▸ **INSTRUCTIONS FOR THE TASK**:
Exact copy, no pictures: return only the lines below from the line with "Диск пильний по" up to and including the line with "Cute Owl Wallpaper".

RECORDED INFORMATION Block Start

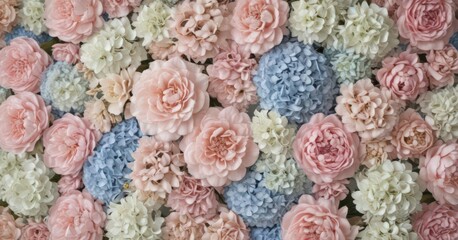 Soft pastel artificial flower wall; vintage rose, peony, hydrangea mix  ,  romantic background,  home decor,  summer background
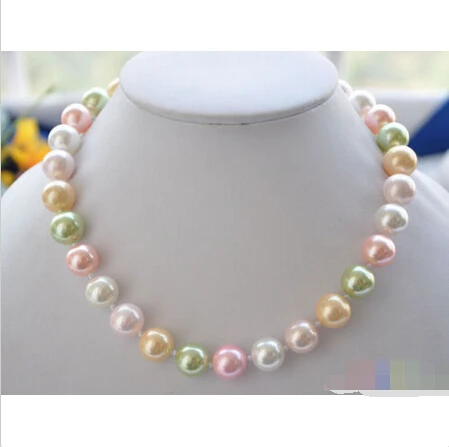 

P3996 17" 12mm white pink green yellow SOUTH SEA SHELL PEARL NECKLACE ^^^@^Noble style Natural Fine jewe FREE SHIPPING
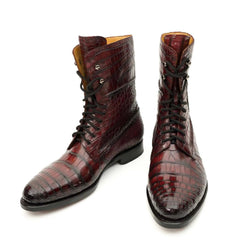 Burgundy Crocodile Lace-Up Boots DIVINCH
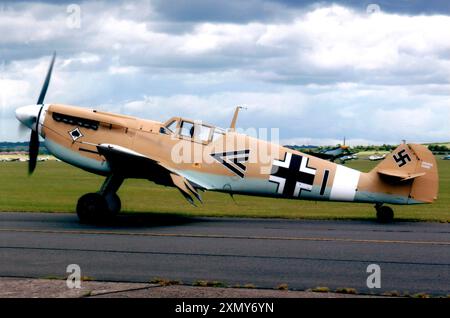 Hispano HA.1112-M1L Buchon G-AWHE / Black 1 Stock Photo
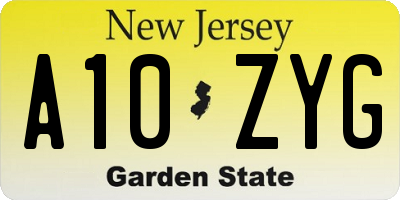 NJ license plate A10ZYG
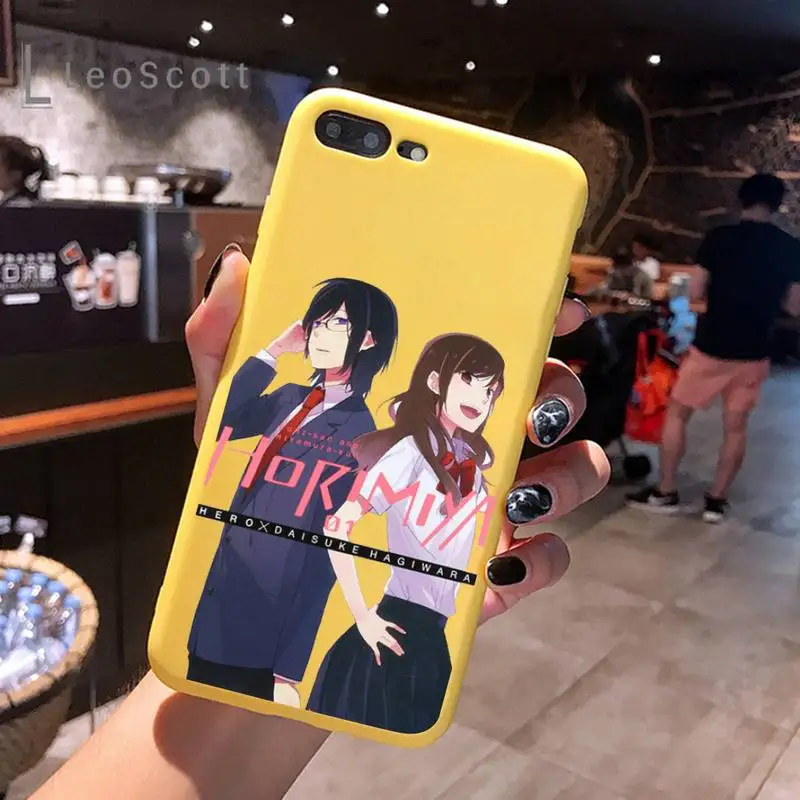 

Horimiya Phone Case Yellow Candy Color for iPhone 6 7 8 11 12 s mini pro X XS XR MAX Plus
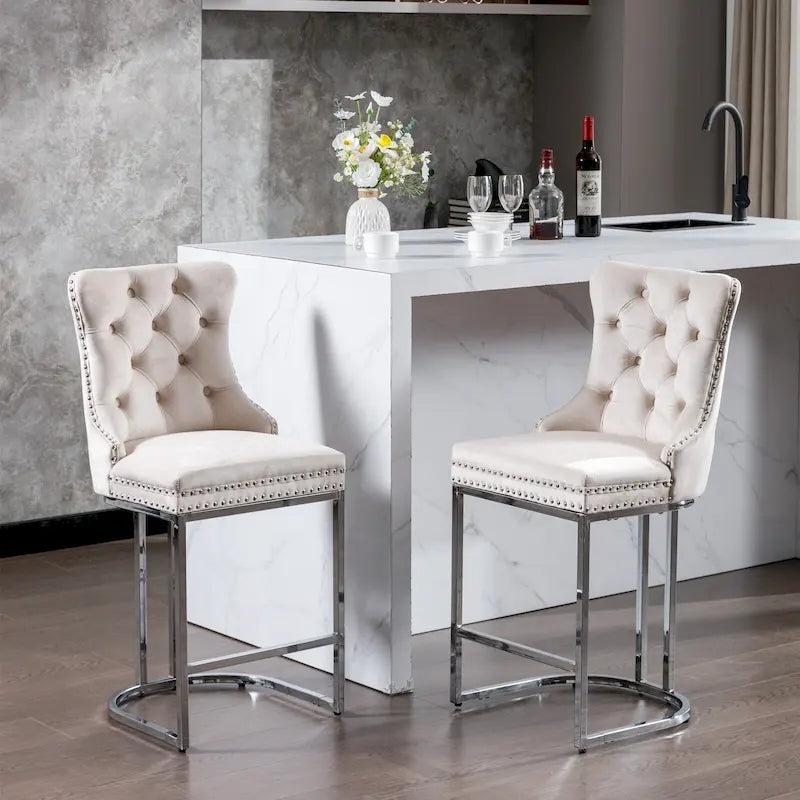 Modern 25 Set of 2 Bar Stools with Buttoned Back Studded Trim Chrome Metal Base Legs, for Dining Room Living Room and Bedroom 38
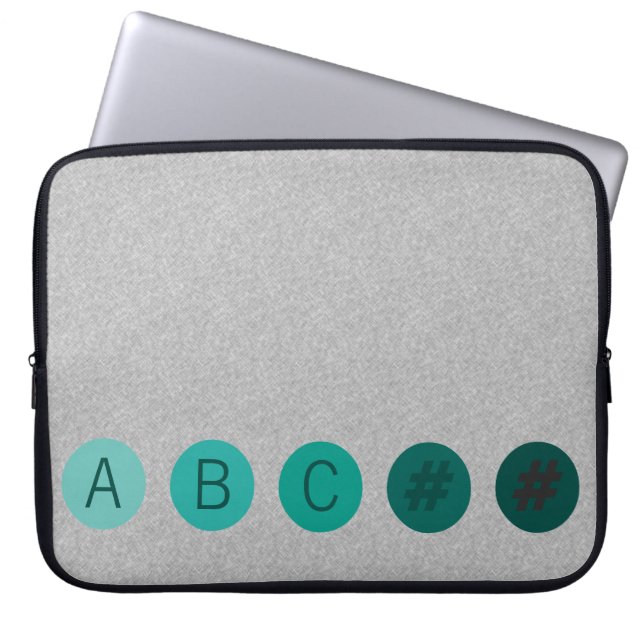 STIPPEN Groene Aqua-Initialen Laptop Sleeve (Voorkant)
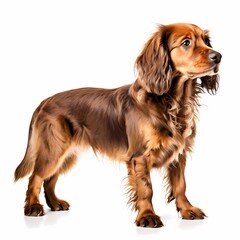 Saint usuge spaniel dog breed standing against white background, AI Generated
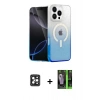 MARSİLYAN™- iPhone 16 Pro Max Kılıf Eksen Minimal Özel Seri - Şeffaf 360 Full Body Arka Koruyucu + PVD Metal Kamera Lens - SH
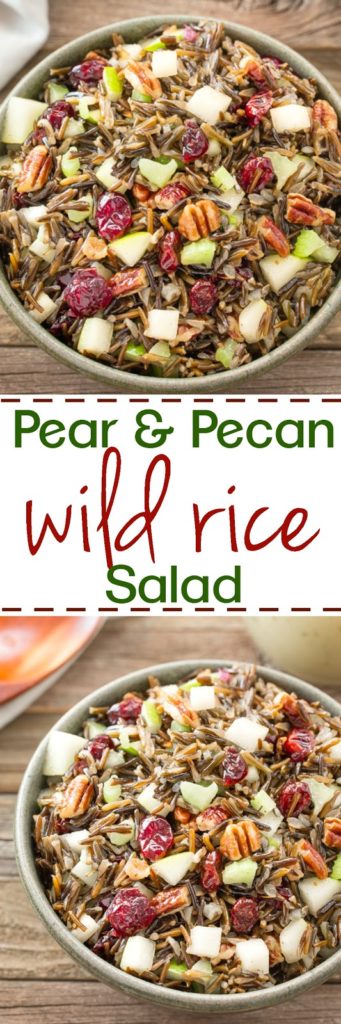 This Wild Rice salad is loaded with juicy pears, crunchy pecans, sweet craisins and is melded together with a honey vinaigrette dressing.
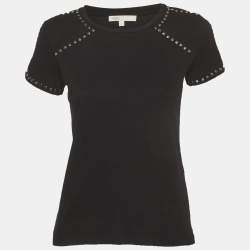 Pre Owned Maje Black Studded Cotton Knit Tity T-Shirt S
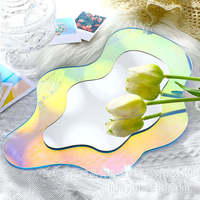 Miroir de maquillage en acrylique holographique irisé personnalisé, service de découpe et de gravure au laser sur acrylique OEM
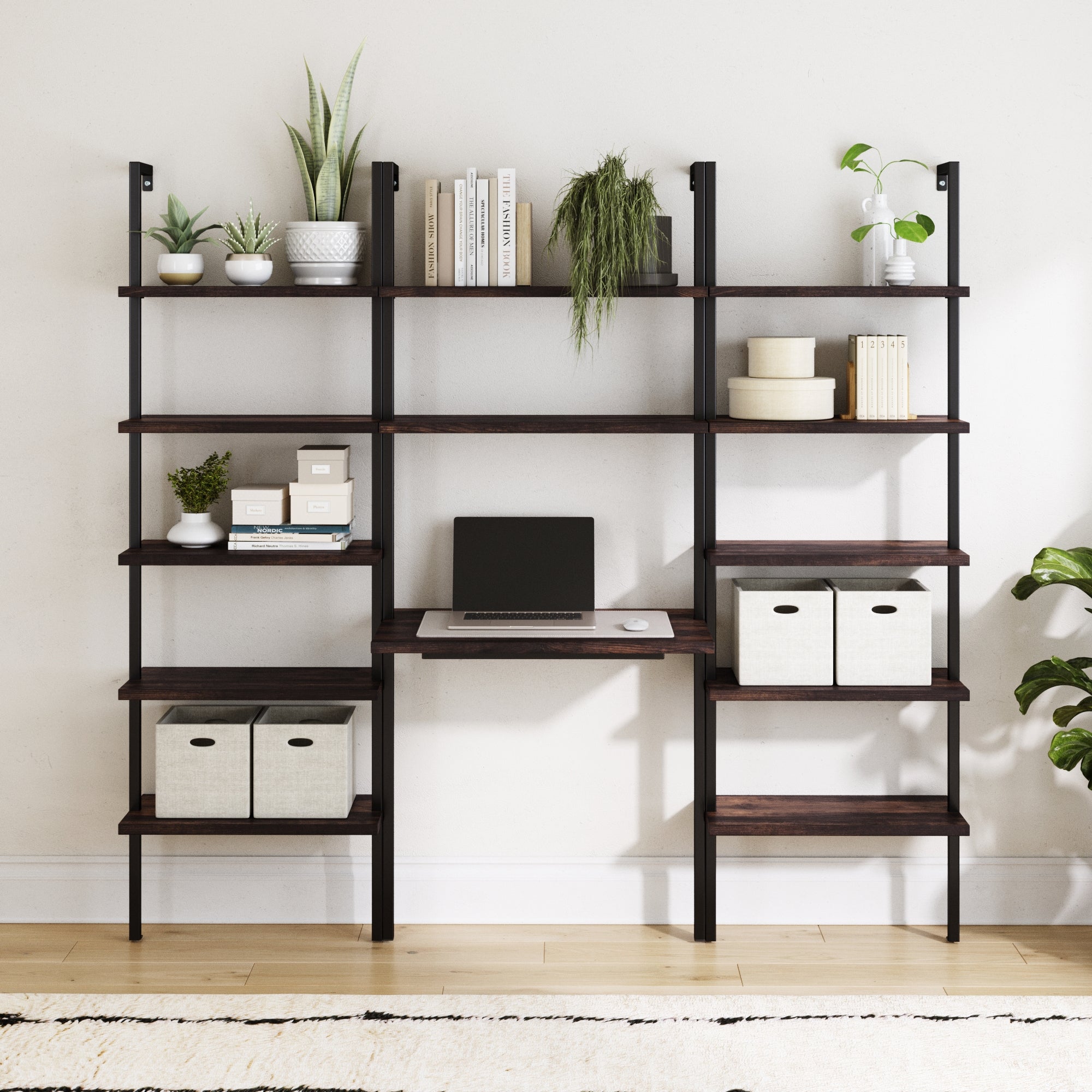 Wood & Metal Wall Mount Office Desk Set Nutmeg - Nathan James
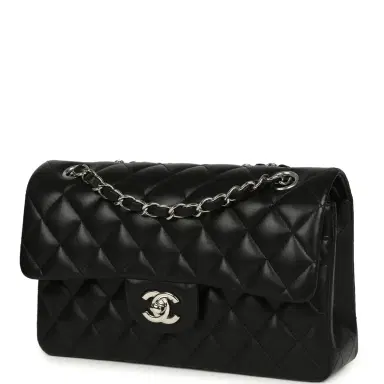 Chanel Pre-owned Chanel Small Classic Double Flap Bag Black Lambskin Silver Hardware | Thumbnail 3 Chanel Pre-owned Chanel Small Classic Double Flap Bag Black Lambskin Silver Hardware | Thumbnail 3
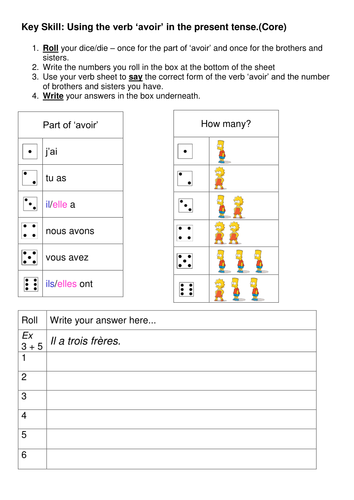 Dice grids to generate speaking and writing using avoir and brothers and sisters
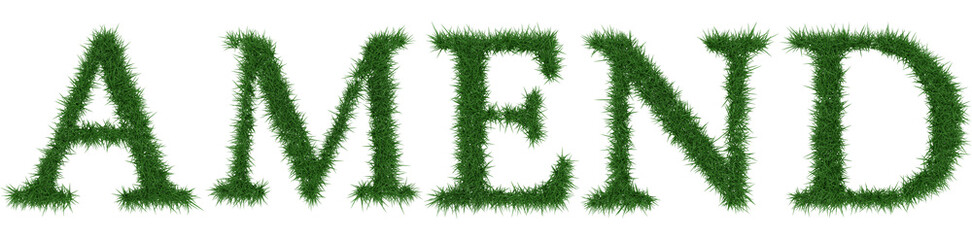 Fototapeta na wymiar Amend - 3D rendering fresh Grass letters isolated on whhite background.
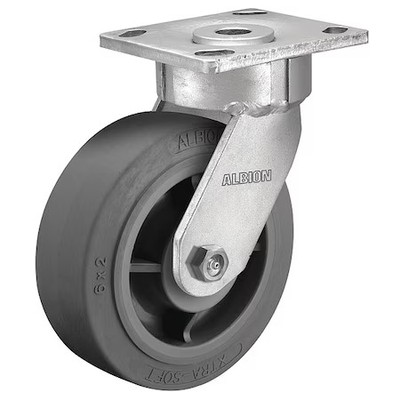 Albion 18Xs08229s 8'' X 2'' Non-Marking Rubber Soft Flat Swivel Caster, No Brake,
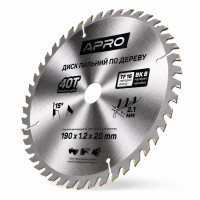  Диск пильний по дереву 190 × 1,2 × 20/16 мм 40 зубців Apro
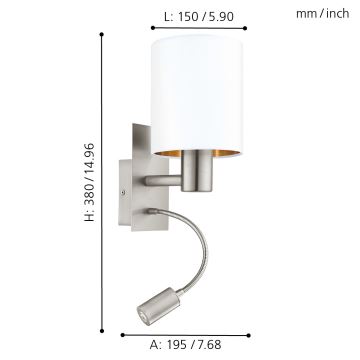 Eglo - LED Stenska svetilka 1xE27/40W+LED/3,8W bela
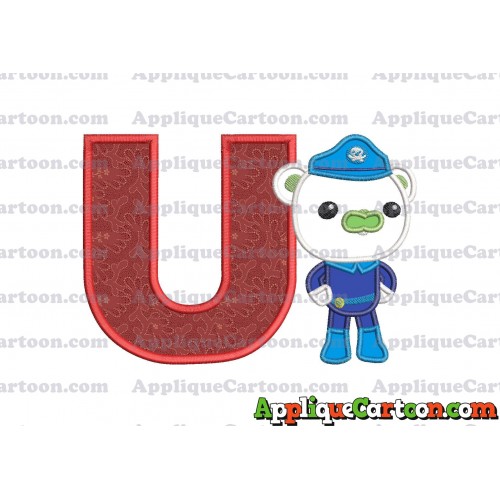 Bear Octonauts Applique Embroidery Design With Alphabet U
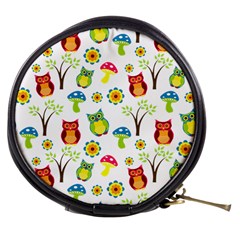 Cute Owl Wallpaper Pattern Mini Makeup Bags by Nexatart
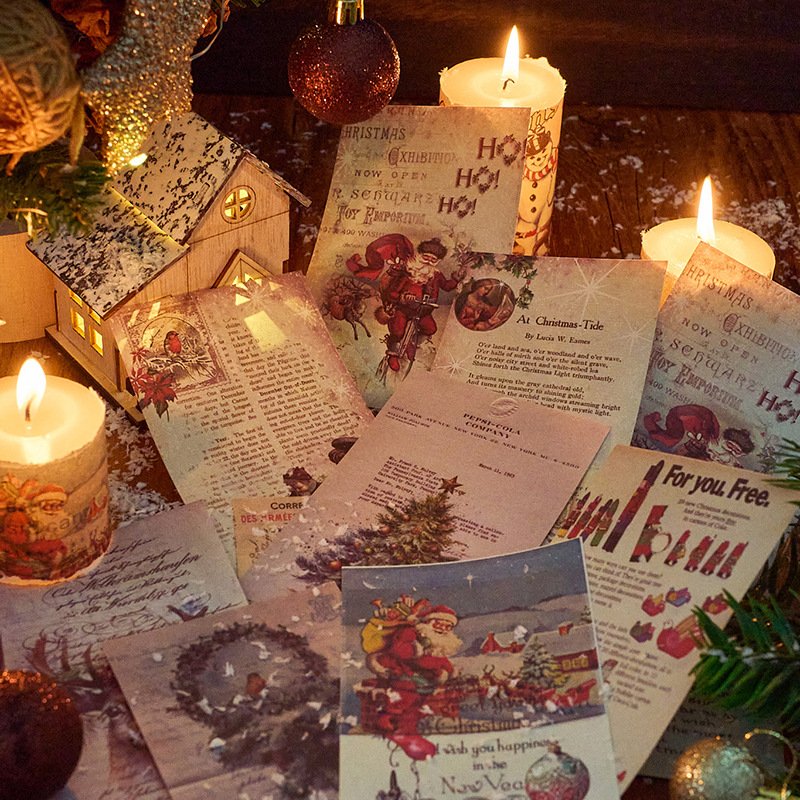 50pcs/pack material book Christmas carol Christmas theme handbook DIY material decoration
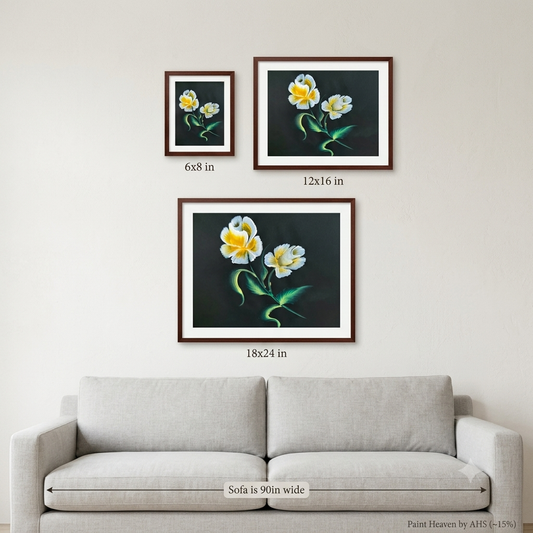 Golden-Yellow Accent White Flowers printable wall art shown at actual print size for scale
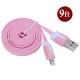 Dual Color Noodle USB Cable Sync Flat Data Charger Cable for iPhone 2G3G4G4S iPad pink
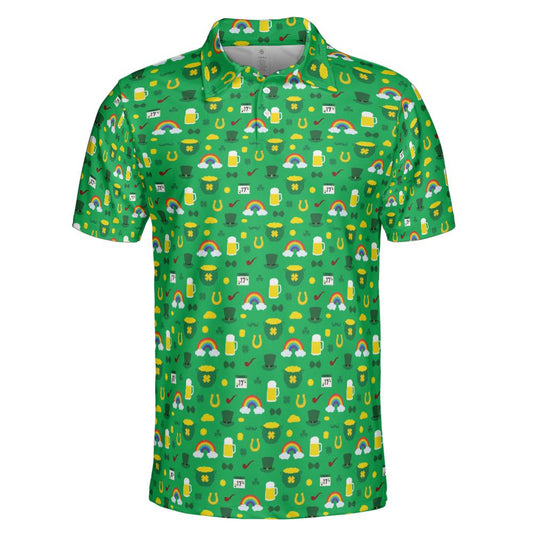 Irish Luck St Patricks Day Golf Shirt Moisture Wicking Short Sleeve Polo Shirt for Men
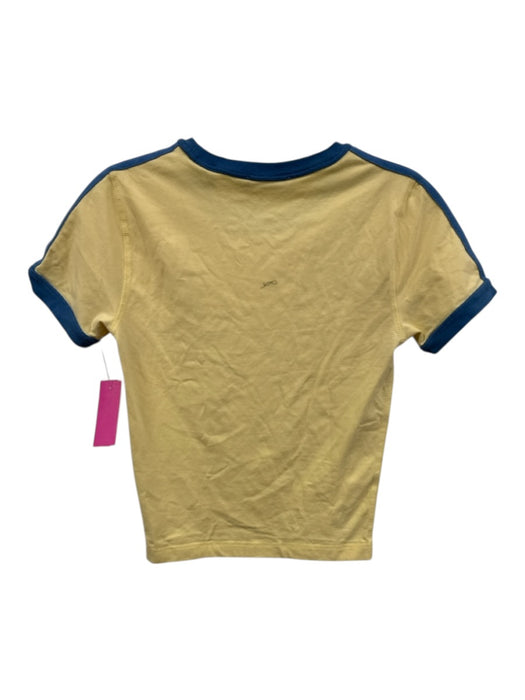 Madhappy Size S Yellow & Blue Cotton Short Sleeve Contrast Piping Crew Neck Top Yellow & Blue / S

RECORDED INFORMATION Block End

▸ **SOLVED EXERCISE**:
  Диск пильний по дереву 190 × 1,2 × 20/16 мм 40 зубців Apro
 Eglo - LED Stenska svetilka 1xE27/40W+LED/3,8W bela
 Bear Octonauts Applique Embroidery Design With Alphabet U
 Cute Owl Wallpaper Pattern Mini Makeup Bags by Nexatart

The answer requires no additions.